American racquetball player

Marty Hogan (born January 22, 1958, in St. Louis, Missouri) is a former American racquetball player who won more than 100 international or national titles and six U.S. national championships during his 14-year career. Hogan was ranked either number one or number two in the world from 1976 to 1990.

== Early years ==

He was born in St. Louis, Missouri, where he was taught to play racquetball by his mother, Goldie. He graduated from Ladue Horton Watkins High School in 1976. In 1975, Hogan won the United States Racquetball Association Junior Racquetball Championship. While still a teenager, Hogan relocated to San Diego, California, in order to pursue professional racquetball. He eventually attended San Diego State University.
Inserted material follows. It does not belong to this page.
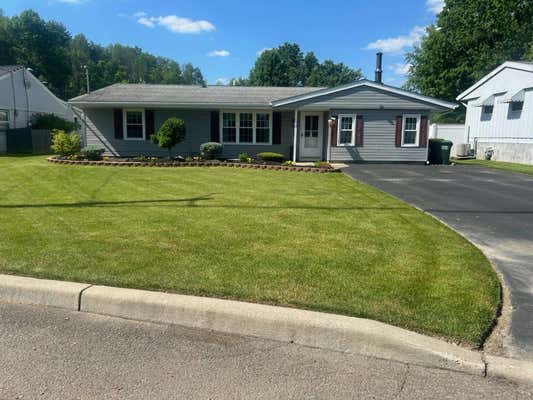 87 PAMELA DR, BINGHAMTON, NY 13901 - Image 1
Hogan is credited with revolutionizing the game of racquetball, with a serve that drove the ball as fast as 142 miles per hour. This speed measurement is a reference to the ball speed after hitting the front wall and then bouncing as it returned. He won the U.S. indoor professional racquetball national championship on five consecutive occasions, between 1978 and 1982, and won again in 1986. In 1979, Hogan also won the national outdoor (three-wall) championships.
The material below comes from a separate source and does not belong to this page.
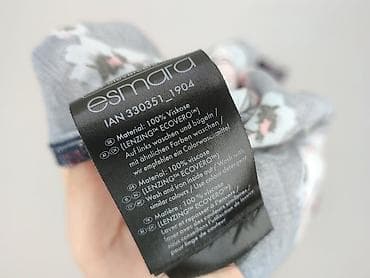 sukienki kobiece: Esmara, Sukienka damska, rozmiar M — 4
== Professional career and retirement ==

Hogan turned professional and won his first professional racquetball title in Burlington, Vermont, in 1975 defeating Steve Keeley in the finals. He went on to become the first millionaire in the history of racquetball. Hogan was so dominant that he lost only four matches in three years during his prime. He lost only one match in 1977, two matches in 1978, and one match in 1979. Hogan's greatest season was 1979; not only did he win the Pro Racquetball Nationals, but he also won the Outdoor Racquetball Nationals and the Paddleball Nationals.
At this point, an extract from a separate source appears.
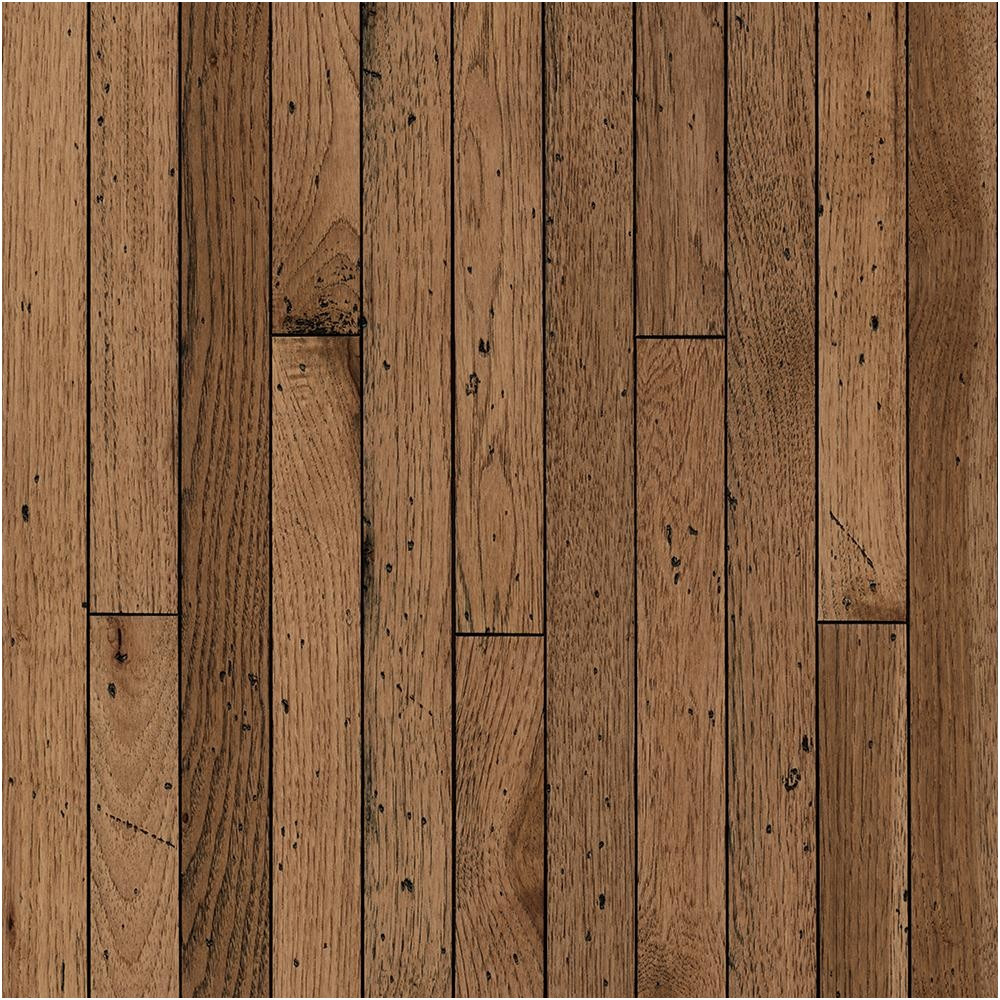 19 Fabulous Bruce Hardwood Flooring Canada 2024 free download bruce hardwood flooring canada of unfinished red oak flooring lowes fresh floor hardwood flooring cost with related post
Hogan is the only player in the history of the sport to win all three titles in one year. He also won a second Paddleball National Championship in 1987. Hogan captured his final national racquetball championship in 1989, retiring the following year.

He returned briefly and won his last professional racquetball title in 1991, 16 years after he won his first professional tournament. After retiring from the professional game, Hogan competed in a handful of national amateur events. He won three USRA National Doubles Championships, 1994 25+ with Jeff Conine, 1996 35+ with Steve Trent and 2001 40+ with Dave Peck. Hogan won the US Open 35+ Singles Championship in 1996.

==Honors and later career==

Hogan was named the Professional Racquetball Player of the Year eight times, in 1977, 1978, 1979, 1980, 1981, 1982, 1986 and 1989. Ranked as the number one racquetball player of all time by National Racquetball Magazine, In 1991 he was inducted into the Southern California Jewish Sports Hall of Fame. Hogan was inducted into the USA Racquetball of Fame in 1997. Marty Hogan was inducted into the World Outdoor Racquetball Hall of Fame in 2016.

In 2002, Hogan founded The Legends Racquetball Tour. He won the most victories of any participant in the Legends Tour, winning 14 events. Hogan won the Legends Racquetball Nationals 35+ in 2002 and 2003. Moreover, he won the Legends 45+ National Championship in 2005, and the 2004 US Open Legends Racquetball Championship. In addition, he teamed with Cliff Swain to win the Legends National Doubles Championships in 2004 and 2005.